Me enseñó a compartarme en una mesa, a comerme todo, a dar las gracias, a disfrutar de la niñez y ser el nieto consentido... el concho más cercano.
Me vestía, me peinaba con mucho gel y me lavaba la cara con mucha gracia, hasta eliminar la ultima legaña más rebelde.
A los 5 años me sentaba en sus piernas para jugar al caballito.

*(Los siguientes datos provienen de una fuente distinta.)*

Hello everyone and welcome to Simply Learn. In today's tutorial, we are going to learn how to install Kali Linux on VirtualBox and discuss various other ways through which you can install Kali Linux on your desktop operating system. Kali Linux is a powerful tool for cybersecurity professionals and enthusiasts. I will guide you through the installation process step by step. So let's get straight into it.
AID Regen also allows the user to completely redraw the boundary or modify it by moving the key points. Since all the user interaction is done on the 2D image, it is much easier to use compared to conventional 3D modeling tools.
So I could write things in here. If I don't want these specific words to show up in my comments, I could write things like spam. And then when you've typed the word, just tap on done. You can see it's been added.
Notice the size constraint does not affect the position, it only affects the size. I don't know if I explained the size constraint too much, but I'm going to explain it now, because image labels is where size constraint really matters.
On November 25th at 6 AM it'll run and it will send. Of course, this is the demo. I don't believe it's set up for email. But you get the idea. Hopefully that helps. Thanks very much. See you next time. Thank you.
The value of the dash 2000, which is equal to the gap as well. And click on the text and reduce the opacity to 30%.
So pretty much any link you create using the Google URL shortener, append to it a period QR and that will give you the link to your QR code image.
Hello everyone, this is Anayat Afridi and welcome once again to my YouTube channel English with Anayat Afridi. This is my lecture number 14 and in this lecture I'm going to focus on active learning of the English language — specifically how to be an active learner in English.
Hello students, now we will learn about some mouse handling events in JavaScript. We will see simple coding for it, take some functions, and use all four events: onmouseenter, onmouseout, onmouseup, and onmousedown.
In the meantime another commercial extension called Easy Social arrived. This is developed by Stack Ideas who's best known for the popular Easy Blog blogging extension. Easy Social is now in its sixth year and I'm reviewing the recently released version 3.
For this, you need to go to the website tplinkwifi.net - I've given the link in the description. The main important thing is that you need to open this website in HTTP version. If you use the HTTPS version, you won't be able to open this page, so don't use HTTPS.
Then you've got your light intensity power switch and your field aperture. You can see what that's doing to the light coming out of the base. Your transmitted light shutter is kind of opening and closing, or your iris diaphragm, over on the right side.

La rodeaba de juguetes y veíamos monitos animados juntos. Después me iba a buscar al colegio, me seguía peinando con copetes y peinados al estilo del lenguetazo y seguía enseñandome valores y comportamientos de responsabilidad.
Jamás la ví enferma, nisiquiera le escuché alguna queja por algún problema de salud. En 18 años, nunca supe de sus malestares, pues no existían.
Siempre llena de vitalidad y actividades hogareñas que no le ataban ninguna dificultad, y en las cuales no permitía colaboración de ningún individuo.
Fue pasando el tiempo, yo aquí en Calama, hablabamos muy seguido y todo seguía normal. Así lo comprobaba cada verano bajo su amparo. Todos concientes de su energética vida, no teniamos preocupaciones por su salud, pero un día, cumpliendo con sus tareas habituales, lavó la loza, se fué atomar una siesta y no despertó en tre días.
Dicen, que cuando las personas están mal de adentro, se pegan un borrón... Para olvidar, negar o hacer un llamado de atención al cuerpo y a los que te rodean, que se yo...
Muchas anecdotas pueden contarse de su estadía semanal en la clínica; agresividad, incoherencia o sueños medios misticos.
Nadie sabe que tiene, pero ahora está bien y agradezco por su bienestar. Ya no es la misma, su cabeza no es la misma, su cuerpo no es el mismo. Ella y todos nos dimos cuenta.
Debemos devolverle la mano y hacernos cargo de ella como lo hizo con nosotros...
Lo extraño, es que todas las golosinas que come y las cajetillas diarias de cigarrillos que consume, no han provocado ningún malestar en ella. Ningún examen arrojó explicación al apagón que tomo autoridad sobre su rutina.
Sólo hay que amarla más que siempre y preocuparnos el triple. Esa es la lección...
Ahí pueden verla, a la derecha de una parte de sus nietos, cuando eramos pequeños:
A la izquierda está Carla (conmigo en sus brazos), su hermano Kurt a la derecha, Rodrigo a continuación y Felipe en las piernas de Carmen Flor Montero, la Tita. Mi abuela.